+++ DATASET ENTRIES

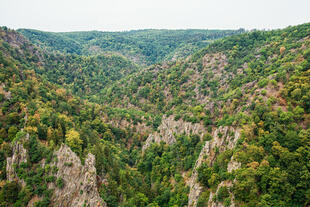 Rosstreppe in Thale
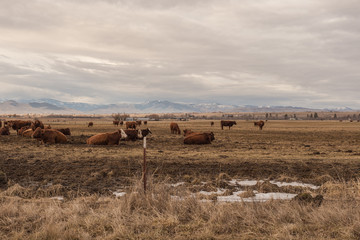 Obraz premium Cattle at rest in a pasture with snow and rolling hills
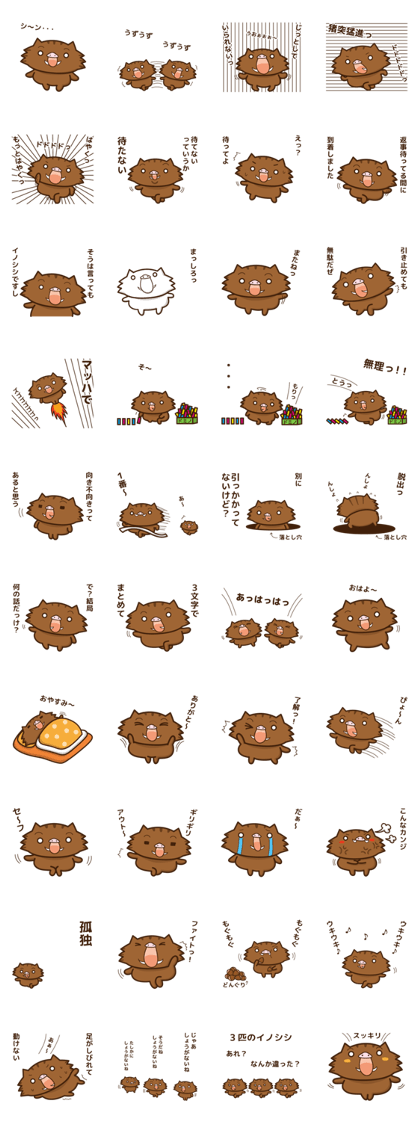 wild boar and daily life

++++++
+++ DATASET ENTRIES

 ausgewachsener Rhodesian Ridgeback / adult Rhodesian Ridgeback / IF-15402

++++++

YOUR ASSIGNMENT » Retype the lines above exactly as they appear, from the line containing "Rosstreppe in Thale" through the line containing "wild boar and daily life", and leave out any pictures.

TASK OUTPUT »
 Rosstreppe in Thale
 Obraz premium Cattle at rest in a pasture with snow and rolling hills
 wild boar and daily life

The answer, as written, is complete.